Governments around the world are facing hard choices when it comes to cryptocurrency: overregulate it and risk losing the benefits to the economy, or do nothing and make themselves vulnerable to those who step up. Currently, the European Union can’t figure out what to do about Libra, the digital currency set to be released by Facebook in 2020.
According to a Feb. 19 memo released by Executive Vice-President Dombrovskis on behalf of the European Commission, the Libra Association has fallen short in its responses to questions from the EU. As a result, any information provided by Facebook “remains insufficient for determining the precise nature of Libra and, by extension, its relation with existing EU law.”
However, Dombrovskis also stated the Commission are “willing to act swiftly” when it comes to harnessing the potential of crypto by arranging regulations and oversight. Such a position reaffirms their Dec. 5 declaration to police stablecoins and monitor any risk to financial stability of the region.

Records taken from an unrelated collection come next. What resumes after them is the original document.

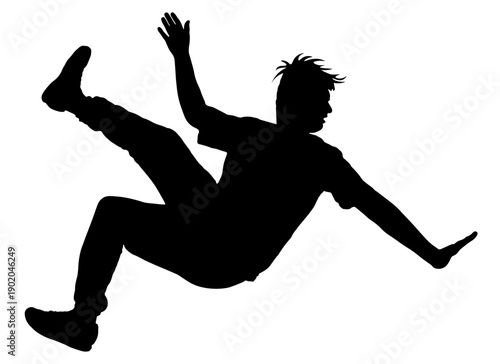 The man slipped on the slippery floor, carefully slippery. Man silhouette falling or floating down, showing concepts of risk, failure, and accident. Vector illustration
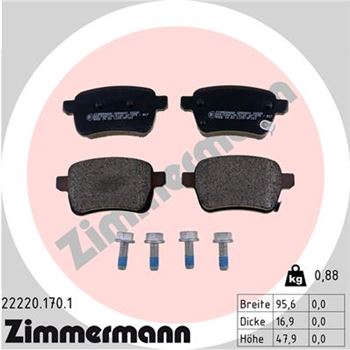 pastillas de freno coche - Juego de pastillas de freno ZIMMERMANN 222201701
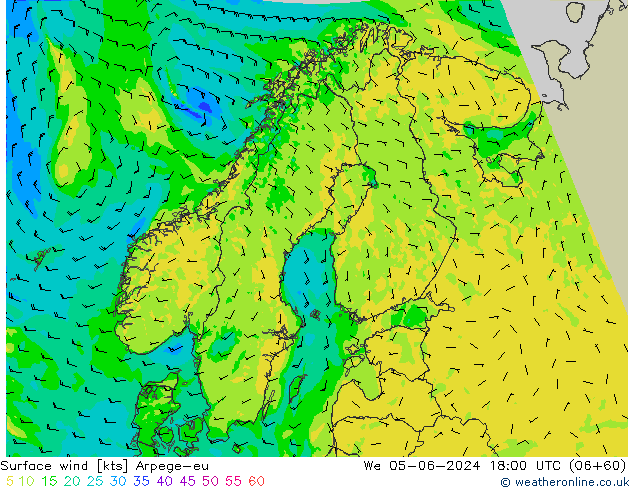Surface wind Arpege-eu St 05.06.2024 18 UTC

Regulatory Backlash to Digital Currencies in the United States
Facebook CEO Mark Zuckerberg spoke before a U.S. House of Representatives Financial Services Committee on Oct. 13 last year. Lawmakers echoed similar concerns as the European Commission, citing vague answers Zuckerberg provided regarding the digital currency:
“I actually don’t know if Libra is going to work.”
Government bodies in both the United States and the EU are working on better understanding crypto. The Commission launched an open public consultation that will be available until March 19th, while the Internal Revenue Service in the United States is preparing for a cryptocurrency summit on March 3rd.